No mesmo documento pode ler-se que “tanto os membros do casal beneficiário como a gestante são de nacionalidade portuguesa e residem em Portugal”.

Um processo que chegou via e-mail, cerca de uma semana depois da entrada em vigor da lei, e que, refere a nota de imprensa, “será objeto da decisão liminar”, com data de previsão para levar a “reunião do Conselho a 8 de setembro”.

A lei das “barrigas de aluguer” – como erradamente ainda se chama à gestação de substituição – acabou de entrar em vigor mas já tem suscitado interesse em Espanha, nomeadamente porque continua a ser proibida para lá da fronteira.

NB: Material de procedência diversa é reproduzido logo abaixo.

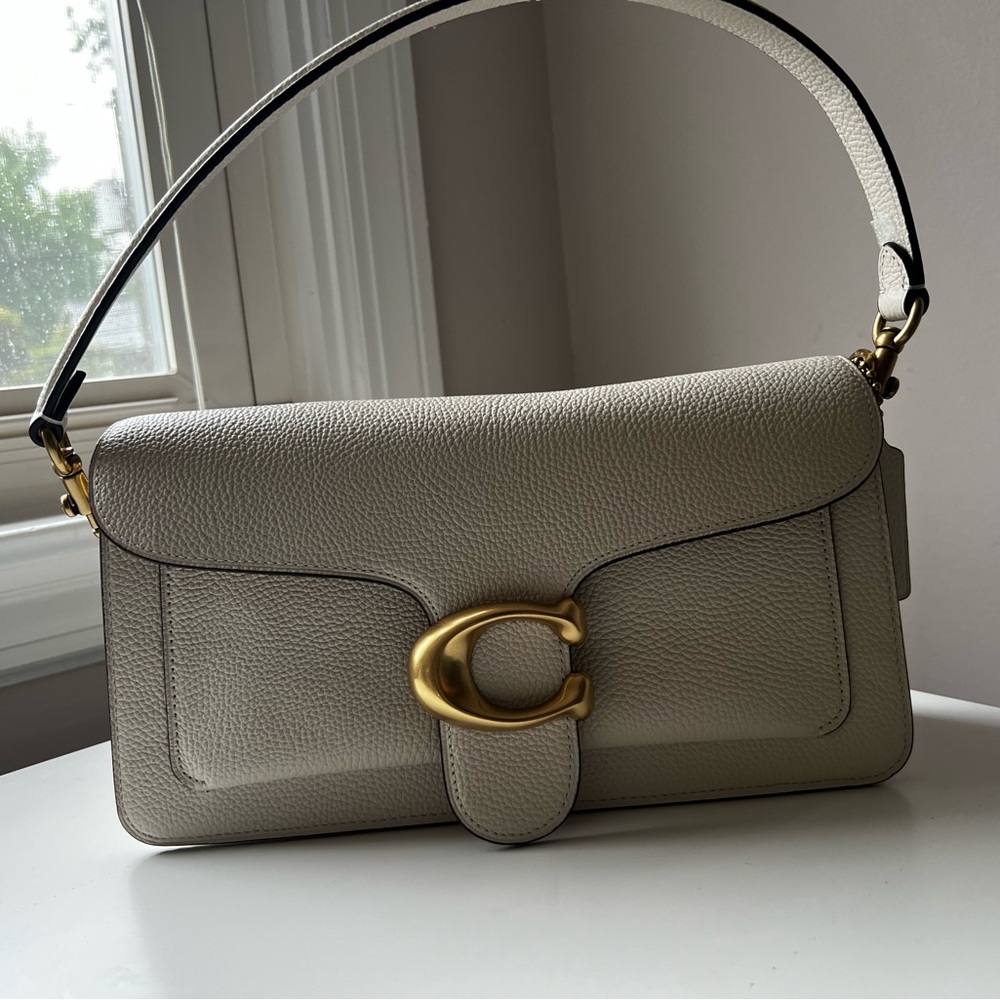 Coach tabby 26 shoulder bag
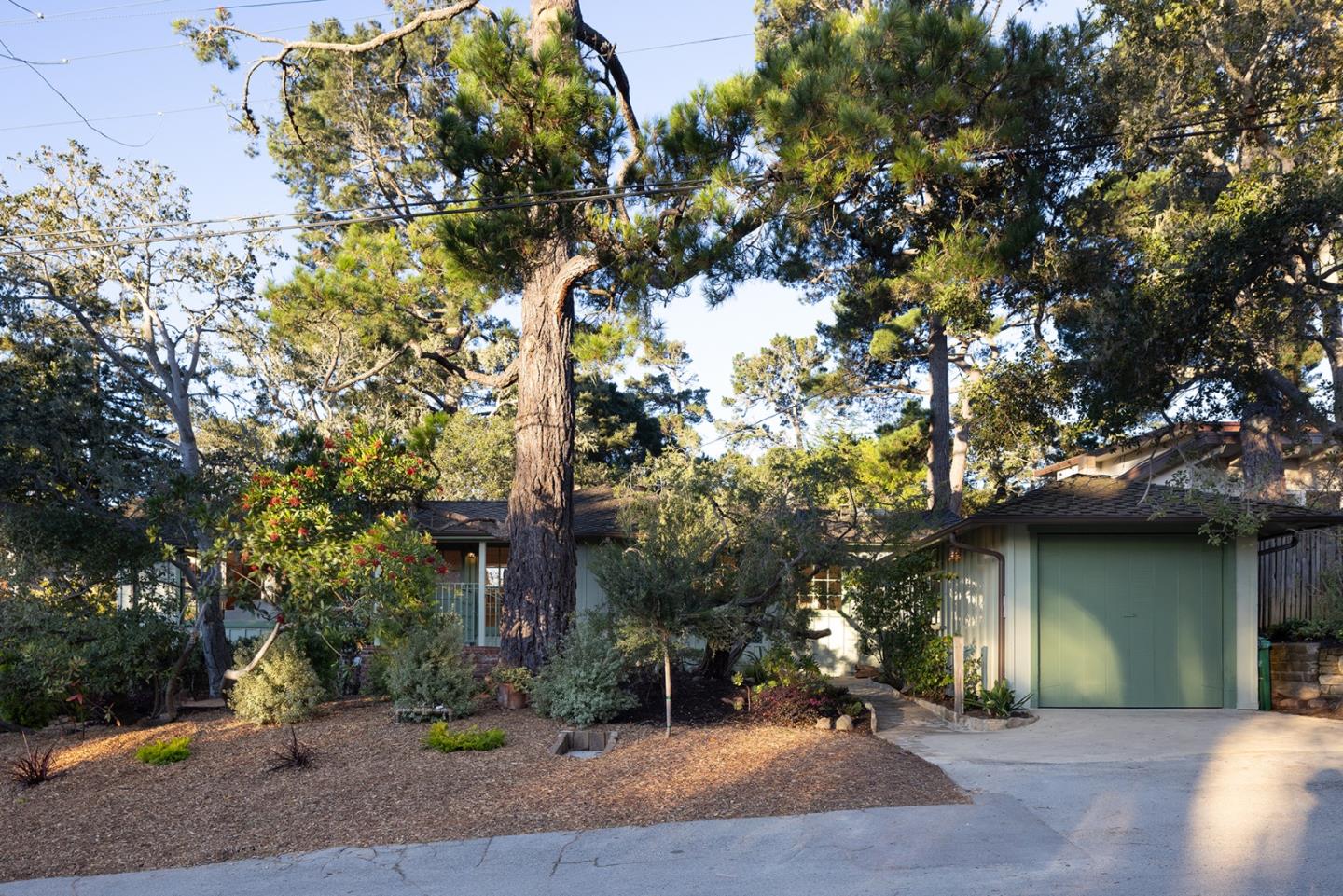 0 Mission 3 NW of Santa Lucia Street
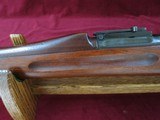 Rock Island Model 1903 Rifle Dated 1913 On Barrel and Cartouche - 5 of 15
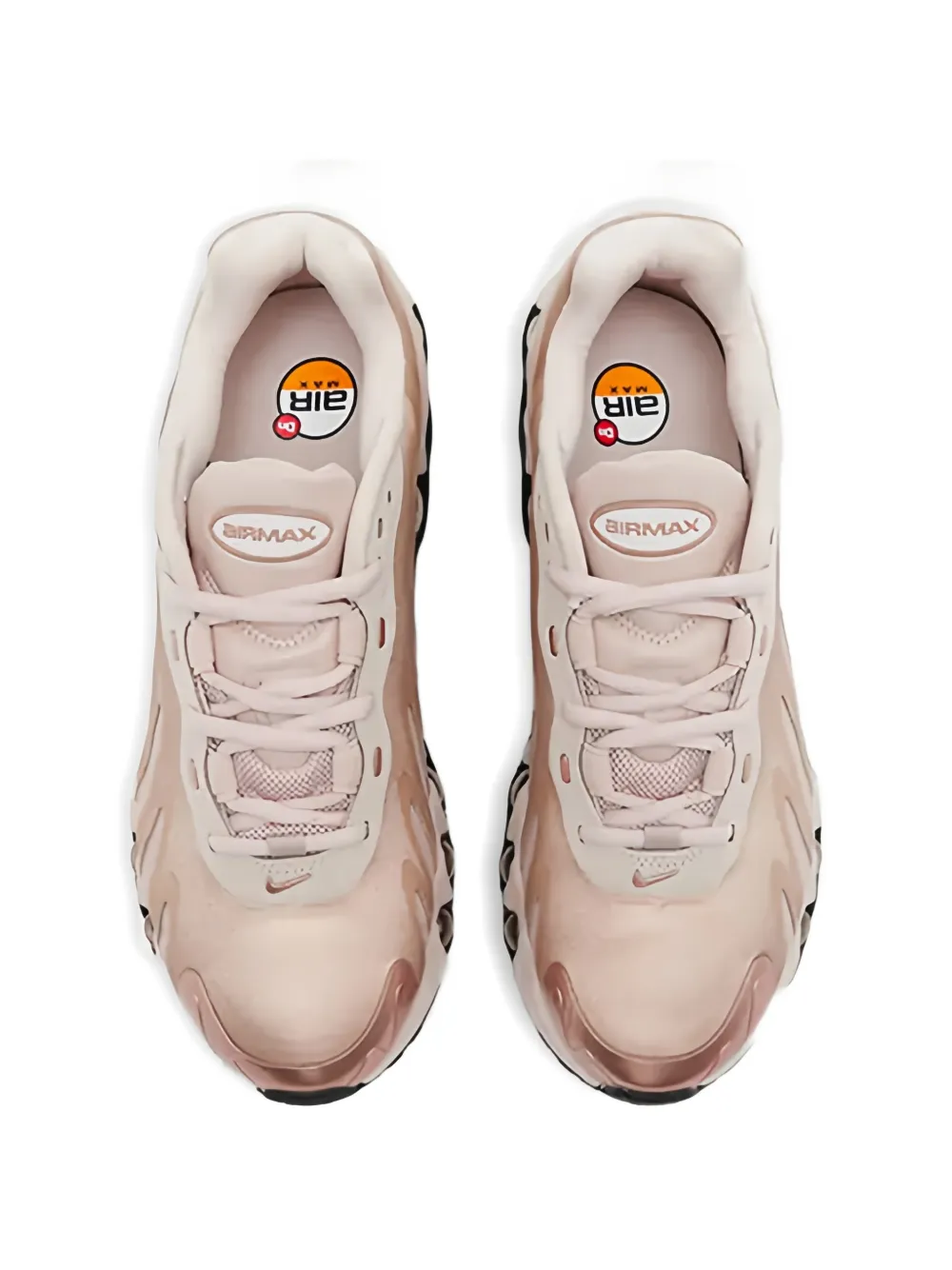Nike Air Max Dn8 sneakers Beige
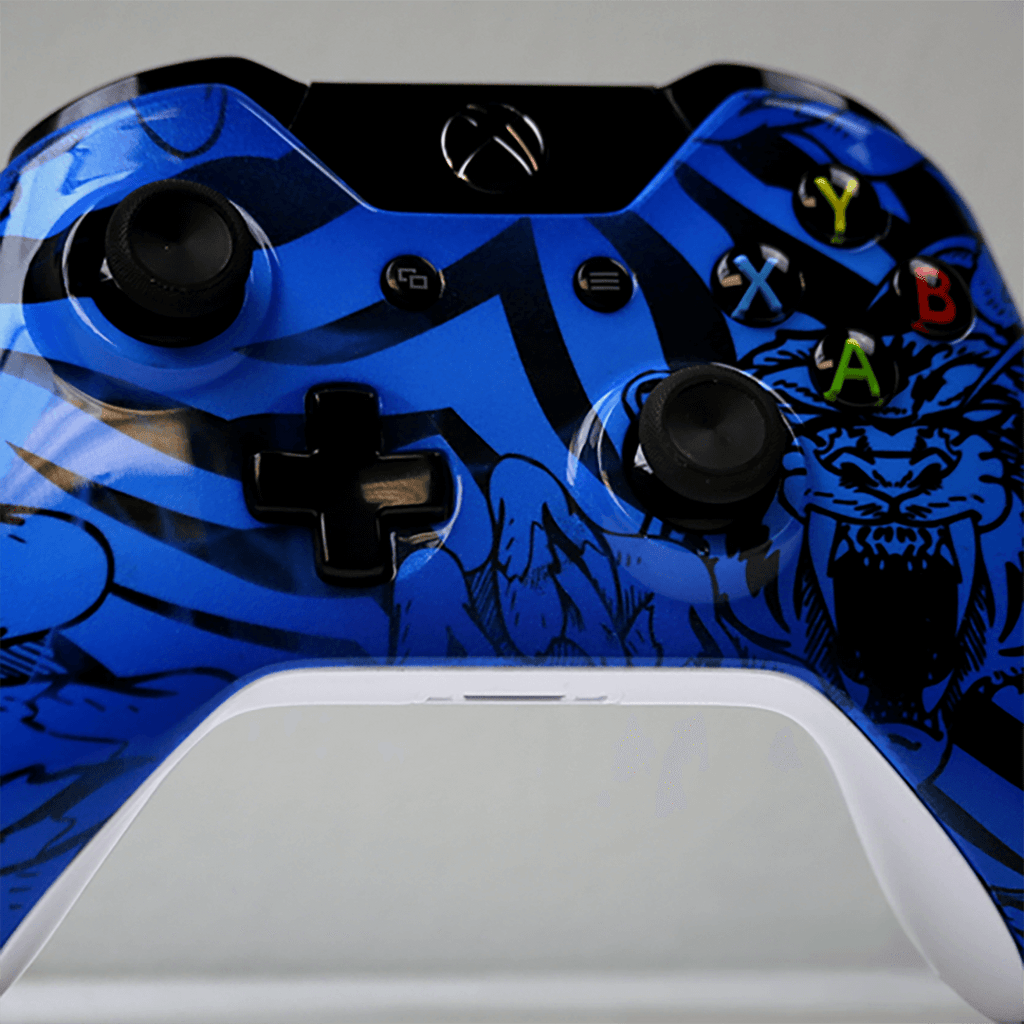 I Am Wildcat - PS5 - Shell Only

Eurico Reis, do Conselho Nacional de Procriação Medicamente Assistida, confirma que desde que a lei foi aprovada em 2016 têm sido vários os pedidos de informações – o número certo ainda está a ser contabilizado – e partiram de “contactos nacionais e internacionais, nomeadamente de Espanha”.

Em todo o caso, ainda é cedo para balanços sobre o número de pedidos de autorização para gestação de substituição. A lei entrou em vigor recentemente e o Conselho Nacional de Procriação Medicamente Assistida (CNPMA) justifica que tal se pode dever ao facto de o processo exigir pareceres médicos que levam tempo, mas não só.

É interessante lembrar que tem de ser o casal a encontrar a sua gestante e, pelo que me parece, essa informação aparentemente não passou durante todo este processo, refere Eurico Reis. O presidente do regulador lembra que este passo seja talvez o mais demorado, levando a que os pedidos submetidos possam começar a chegar mais tarde.

Aparentemente os casais interessados neste procedimento “estavam à espera que o Conselho tivesse uma lista de gestantes, mas tenho de sublinhar que são os casais que têm de encontrar a gestante, que que pode ser uma familiar ou uma amiga”.

Mas se os números de pedidos de parecer são ainda impossíveis de revelar, certo é que as informações solicitadas ao CNPMA, entre a aprovação da lei, em 2016, e a regulamentação da mesma, foram, “inúmeras”, diz.

Para lá da lei agora em vigor, também o presidente do regulador vinca que “estes procedimentos não têm qualquer restrição em termos de nacionalidade e tanto podem ser feitos por cidadãs portuguesas, como estrangeiras, sendo que estas têm de ter e indicar uma residência de contacto” em território nacional.